EKBIS.CO, JAKARTA -- Presiden Joko Widodo menegur Menteri ESDM dan Menteri BUMN karena defisit neraca perdagangan dalam sidang kabinet paripurna di Istana Bogor, Senin (8/7). Neraca perdagangan periode Januari-Mei mengalami defisit sebesar 2,14 miliar dolar AS.
Koordinator Koalisi Publish What You Pay (PWYP) Indonesia Maryati Abdullah mengatakan defisit neraca perdagangan akibat impor migas bukan pertama kalinya terjadi. Dia mencatat, dalam lima tahun terakhir, defisit neraca migas telah terjadi.
Menurut Maryati, lantaran tidak segera dibenahi dari awal, maka semakin besar dan membebani fiskal. "Hal ini merupakan persoalan kritikal dan mendasar sehingga memerlukan pembenahan secara integral," ujar Maryati di Cikini, Jakarta, Rabu (10/7).

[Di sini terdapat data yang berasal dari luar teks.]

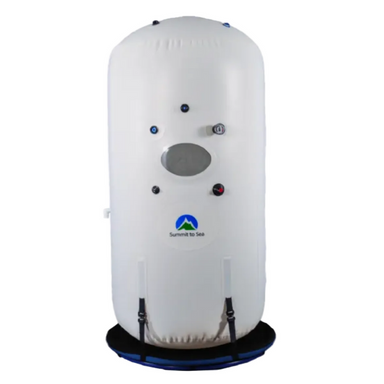 Summit To Sea Dive Vertical 40" Hyperbaric Chamber for Home, Office, and Clinical Use - shown here at Elite Health Way - as seen on Elite Health Way here now 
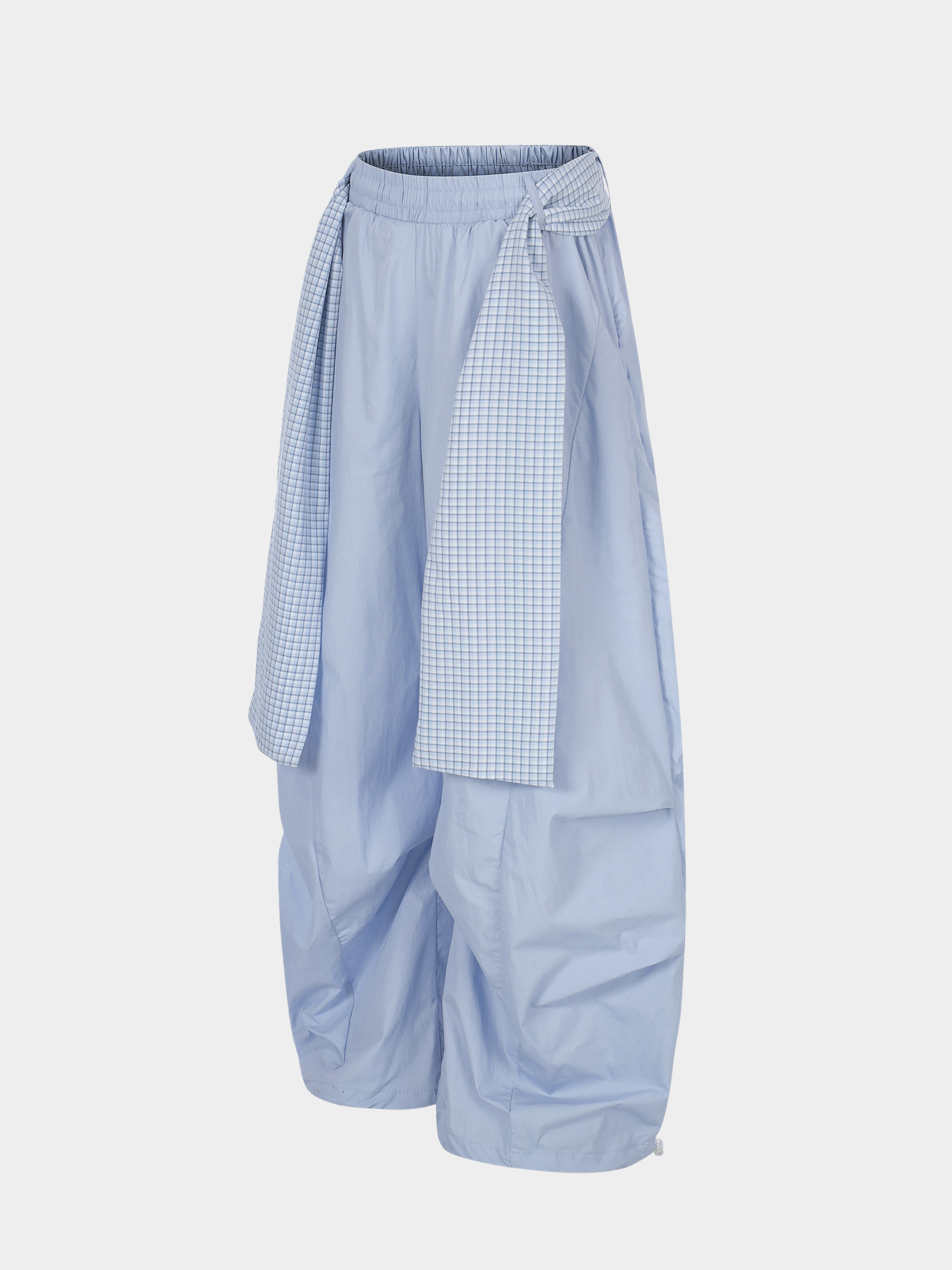 SoftEarth - Women's Plaid Panel Belt Straight-Leg Pants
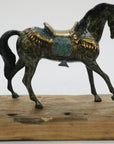 Large Original Loving Horse with his Saddle Western Art Cowboy Bronze Sculpture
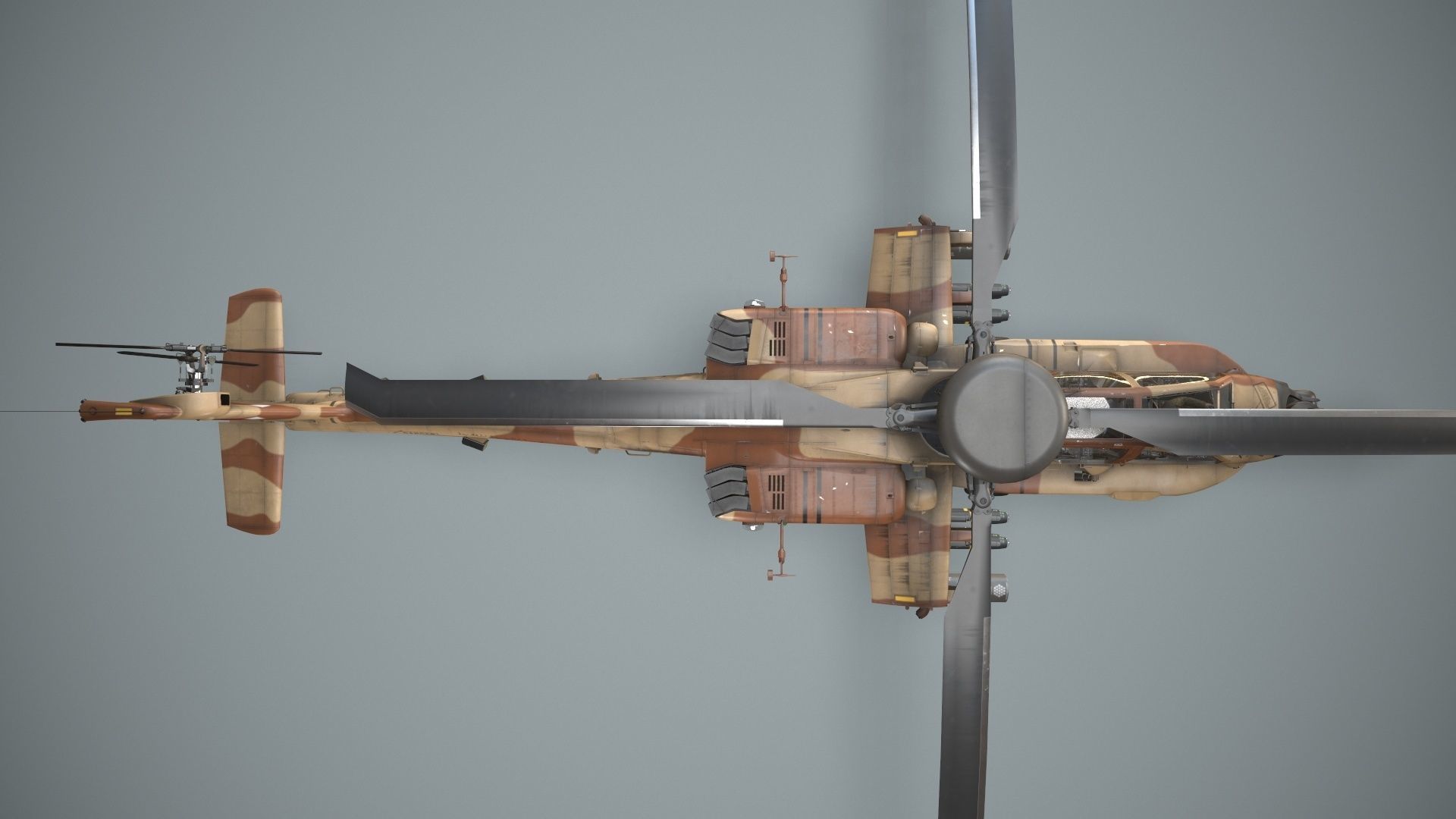 Apache AH-64E Qatar Emiri Air Force Basic Animation Low-poly 3D model_11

Maryati menyampaikan, selain melakukan penghematan dan rasionalisasi penggunaan energi berbasis minyak, diperlukan transisi energi secara sistemik dan konsisten, agar terjadi diversifikasi energi dengan baik dan secara makroekonomi tidak membebani fiskal.
"Peringatan mengenai defisit fiskal neraca berjalan ini sudah sering kami sampaikan, bahkan dalam masukan kami kepada kandidat termasuk kepada KPU untuk menjadi bahan debat capres awal tahun ini," ucap Maryati.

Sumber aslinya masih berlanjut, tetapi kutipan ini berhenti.